Campbell beckoned to another councillor and they waited upon the girls, bringing the cooling water, which tasted so good after the hot walk, and the more substantial refreshments, as they could be waited upon.

“O, you don’t know how good this is!” exclaimed Hilary.

“Yes I do, for I thought I never was so thirsty in my life and we did not have much of a walk. But Bob and I came up in a canoe and it was hot on the water.”

“I always get sunburned till I peel off, on a canoe trip,” said Frances.

“That remark is somewhat ambiguous, Frances.”

“All right, Marion, I’ll change it. On a canoe trip I always get sunburned till I peel off later. My nose, arms and shoulders will have an entirely different epidermis when I return from the wilds of Maine. My, don’t I hate to think of it!”

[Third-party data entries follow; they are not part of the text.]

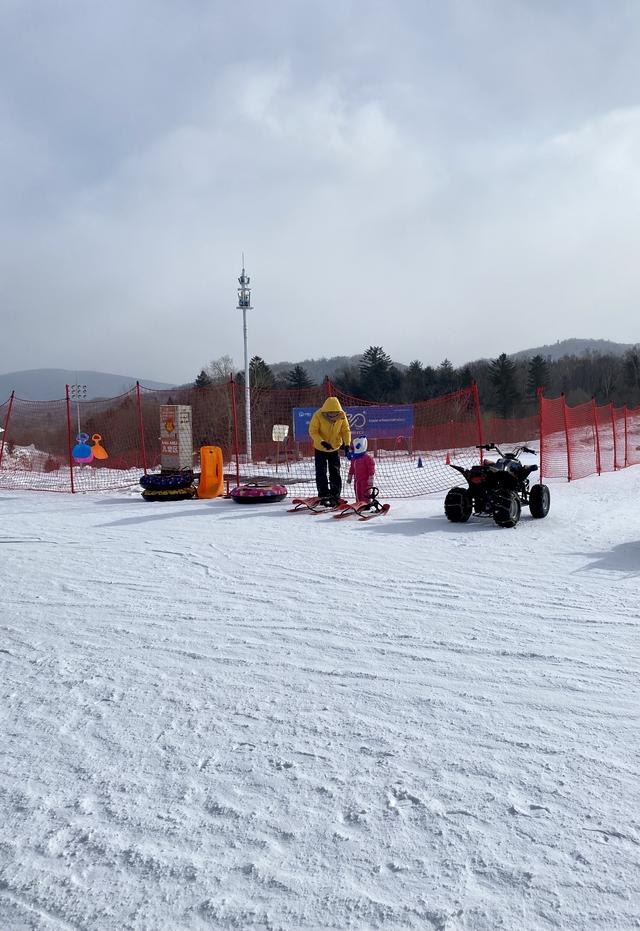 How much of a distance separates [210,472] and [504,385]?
61161 millimetres

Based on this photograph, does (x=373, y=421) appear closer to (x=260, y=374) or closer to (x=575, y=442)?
(x=575, y=442)

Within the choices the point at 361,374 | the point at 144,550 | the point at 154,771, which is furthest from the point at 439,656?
the point at 361,374

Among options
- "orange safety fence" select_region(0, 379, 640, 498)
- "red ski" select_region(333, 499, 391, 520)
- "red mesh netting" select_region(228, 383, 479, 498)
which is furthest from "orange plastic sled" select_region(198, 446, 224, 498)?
"red ski" select_region(333, 499, 391, 520)

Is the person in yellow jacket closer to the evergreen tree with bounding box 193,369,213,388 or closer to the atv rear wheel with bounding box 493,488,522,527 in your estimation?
the atv rear wheel with bounding box 493,488,522,527

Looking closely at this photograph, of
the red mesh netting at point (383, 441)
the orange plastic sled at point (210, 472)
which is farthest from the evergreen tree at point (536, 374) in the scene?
the orange plastic sled at point (210, 472)

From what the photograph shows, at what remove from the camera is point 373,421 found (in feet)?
78.9

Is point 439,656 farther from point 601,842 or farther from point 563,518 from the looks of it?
point 563,518

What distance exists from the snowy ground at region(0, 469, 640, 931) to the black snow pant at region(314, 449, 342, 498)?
4433 mm

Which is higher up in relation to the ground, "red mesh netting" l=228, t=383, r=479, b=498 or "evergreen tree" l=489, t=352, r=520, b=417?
"evergreen tree" l=489, t=352, r=520, b=417

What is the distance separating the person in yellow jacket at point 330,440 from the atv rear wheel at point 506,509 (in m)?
2.77

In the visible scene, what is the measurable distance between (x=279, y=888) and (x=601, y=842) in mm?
1026

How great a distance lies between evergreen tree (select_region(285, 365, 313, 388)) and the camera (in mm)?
65100

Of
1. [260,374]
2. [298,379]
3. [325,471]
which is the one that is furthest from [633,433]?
[298,379]

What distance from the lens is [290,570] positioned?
5.75 metres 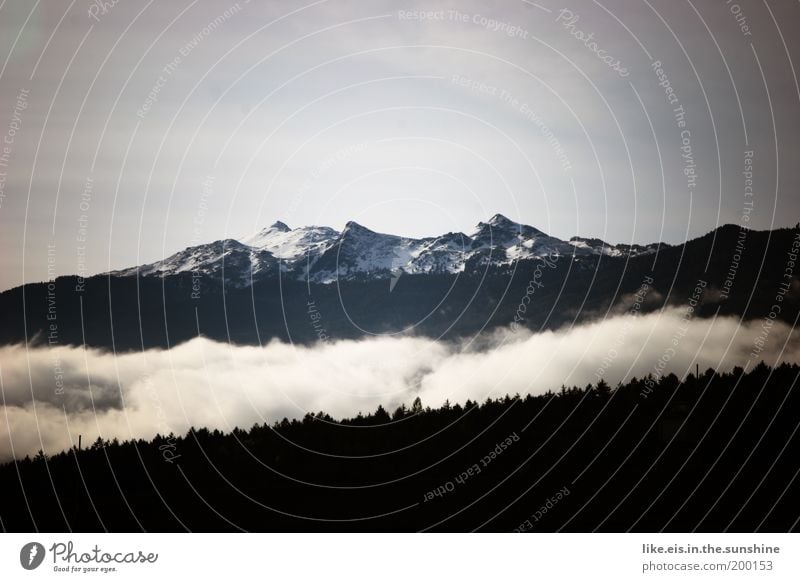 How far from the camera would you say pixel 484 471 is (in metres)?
→ 89.1

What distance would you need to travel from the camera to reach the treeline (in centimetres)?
7288

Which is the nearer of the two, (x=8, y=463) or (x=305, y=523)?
(x=305, y=523)

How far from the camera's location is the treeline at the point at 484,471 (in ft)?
239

“I would,” said Hilary, “if I were not going to such a wonderful school. It is on the water, too, and while we do not have time for the good times of a camp, not straight along, you know, we do some very interesting things and I am going to try to get more of them in the next year. My schedule will not be so full, and while I want to get in all the studying that I can, and there are so many fine courses to take, I suppose it is silly not to get some of the different things that you never can get anywhere out of school.”

“Are you going to keep on at Greycliff instead of going to a regular college?” asked Campbell.

“I am for this year, but I am not sure about the next. When I started to Greycliff I expected to finish two years there instead of high school. But you know they have two years of college work, too, and most of our little crowd decided last year to return another year anyway.”

“It isn’t such a bad idea to miss the freshman year at college anyhow,” said Campbell. “It is the hardest year.”